En ocasiones, el presente nos invita a dejar a un lado el futuro: pide toda nuestra atención a un juego electrónico o a una discusión en familia.

Otras veces, el presente nos deja “libres” para otear el horizonte y elucubrar si la semana que viene habrá buen tiempo, y si los precios de la fruta bajarán o subirán de nuevo.

Se nos invita a vivir a fondo el presente, pero el ser humano no puede dejar de dirigirse hacia el futuro, con todos sus misterios y sus promesas, con sus riesgos y sus oportunidades.

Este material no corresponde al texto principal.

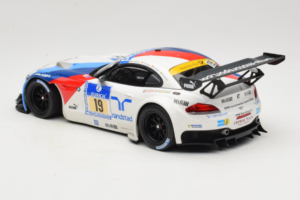 BMW Z4 GT3 #19 Team Schubert J. Muller / D. Muller ADAC 24 Hours Nurburgring 2013 Minichamps 1:18 151132319 Métal — image 5 sur 6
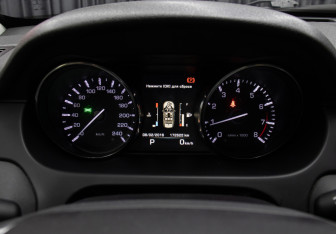 Подержанный автомобиль Land Rover Discovery Sport 2015 года (13 фото)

El pasado, por su parte, se mantiene como una música de fondo, al surgir con recuerdos que seguramente nos distraen de lo inmediato, pero que pueden ayudar a afrontar mejor los planes para el futuro.

No podemos borrar muchos recuerdos. No podemos poner toda nuestra atención en lo que ahora llevamos entre manos. No podemos dejar de otear el horizonte del futuro.

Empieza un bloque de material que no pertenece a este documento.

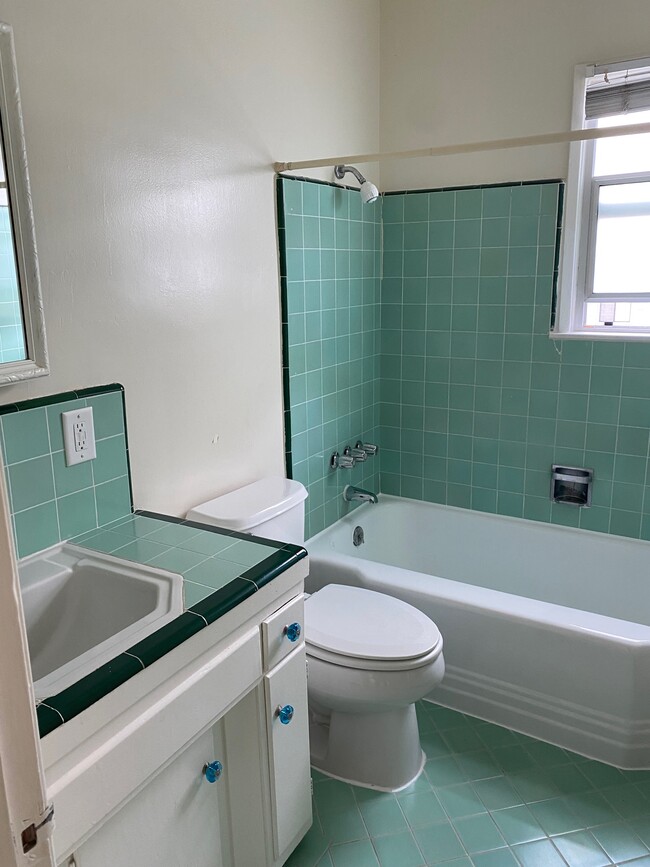 Adorable bath - 122 N Lamer St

Vivimos en el tiempo, en una continua “distensión” (según explicaba san Agustín) que nos hace ir “hacia atrás” o “hacia adelante”, mientras tenemos los pies en el ahora.

Lo importante, en este presente que tengo a mi disposición, es aprender a orientarme de la mejor manera posible hacia el futuro, de forma que pueda acoger imprevistos y oportunidades, y conquistar metas buenas, abiertas al amor a Dios y a los demás.